::: DATASET :::
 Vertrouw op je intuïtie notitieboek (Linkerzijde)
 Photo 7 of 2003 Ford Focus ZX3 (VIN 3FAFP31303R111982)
:::
::: DATASET :::
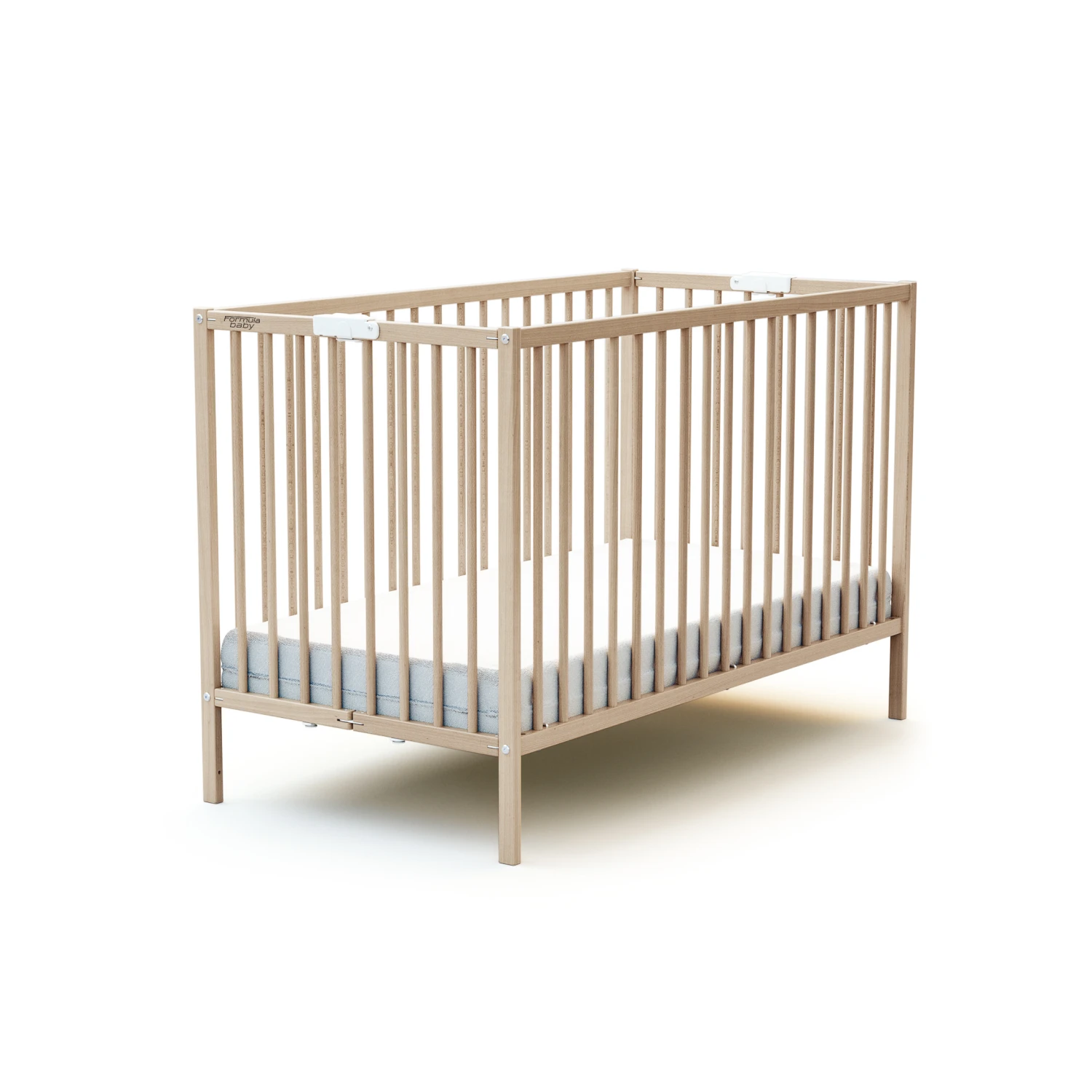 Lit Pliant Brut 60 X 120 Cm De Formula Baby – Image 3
:::
::: DATASET :::
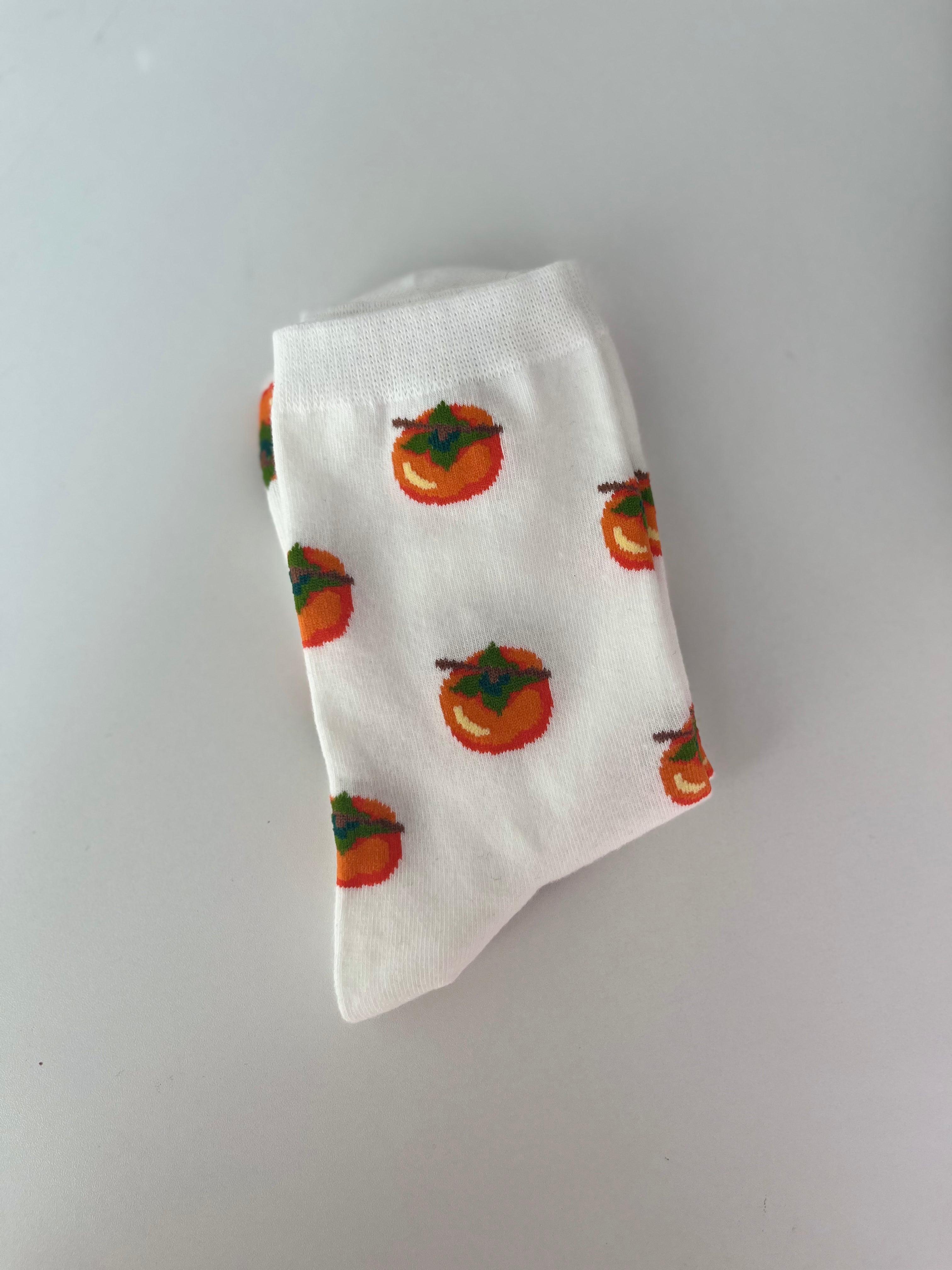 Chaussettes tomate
:::
> TRY IT: Start with the line above that contains "Vertrouw op je" and stop after the line that contains "Photo 7 of 2003". Output those lines exactly, and only those.

> REPLY TO THE TASK:
 Vertrouw op je intuïtie notitieboek (Linkerzijde)
 Photo 7 of 2003 Ford Focus ZX3 (VIN 3FAFP31303R111982)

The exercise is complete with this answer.